La cortesía ordena que en estos casos hable uno de su obra. Yo no podré hacerlo por varias razones. La edad, y un accidente cerebro vascular, han borrado –afortunadamente, dirán algunos– de mi memoria casi todo lo que he escrito. ¿De qué voy a hablar, entonces? ¿De mi vida personal? Es muy poco lo que recuerdo y mucho menos lo que vale la pena recordar.

El derrame cerebral me borró casi todo mi pasado, salvo, curiosamente, el más antiguo. Regresaron vívidamente recuerdos que, antes del accidente, se habían borrado completamente de mi memoria, como si nunca hubiesen ocurrido.

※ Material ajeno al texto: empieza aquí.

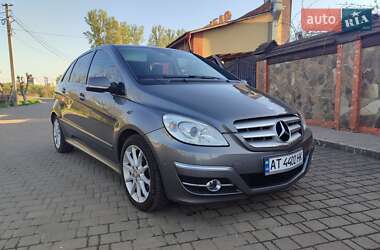 Хетчбек Mercedes-Benz B-Class 2008 в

De pronto volvieron a mi memoria pasajes de mi primera infancia que había olvidado por completo, como si nunca hubieran ocurrido: mi madre bañándome y vistiéndome para una fiesta de cumpleaños; días de pesca infructuosa a la orilla de un mar paralizado por mi memoria; la vez que, con una amiguita, tan pequeña como yo, nos perdimos en Bocas del Toro. Suena a chiste, pero no lo es. Bocas del Toro (aún entonces, su edad de oro) era un pueblo diminuto. Pero mi amiguita y yo nunca pasamos del fragmento de cuadra donde solíamos jugar, con amiguitos que ha borrado el tiempo.

Un día seguimos, fascinados, una murga que pasó frente a mi casa y, sin habérnoslo propuesto, la seguimos por las calles de una ciudad que parecía extenderse hasta el infinito, una calle que no solo no conocíamos: ni siquiera sospechábamos que existía. Cuando los dos llorábamos a moco tendido, convencidos de que ninguno de los dos volvería a ver a sus padres, la murga nos dejó frente a mi casa. Sé que es un cuento idiota, pero es uno de los pocos que todavía aloja mi memoria. Y los otros que recuerdo, son aún más idiotas”.